PROVIDED RECORDS section start

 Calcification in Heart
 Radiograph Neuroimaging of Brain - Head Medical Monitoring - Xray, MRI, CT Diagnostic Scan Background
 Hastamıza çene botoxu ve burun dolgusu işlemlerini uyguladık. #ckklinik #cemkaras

PROVIDED RECORDS section end
PROVIDED RECORDS section start

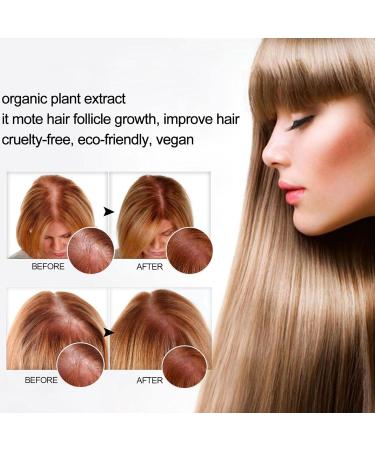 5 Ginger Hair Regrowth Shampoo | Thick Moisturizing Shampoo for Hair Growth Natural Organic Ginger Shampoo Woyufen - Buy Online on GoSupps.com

PROVIDED RECORDS section end

■ EXERCISE OBJECTIVE ■
Could you return exactly the stretch of the data above that starts at the line with "Calcification in Heart" and ends at the line with "Hastamıza çene botoxu", both lines included?

■ ANSWER FOR THIS EXERCISE ■
 Calcification in Heart
 Radiograph Neuroimaging of Brain - Head Medical Monitoring - Xray, MRI, CT Diagnostic Scan Background
 Hastamıza çene botoxu ve burun dolgusu işlemlerini uyguladık. #ckklinik #cemkaras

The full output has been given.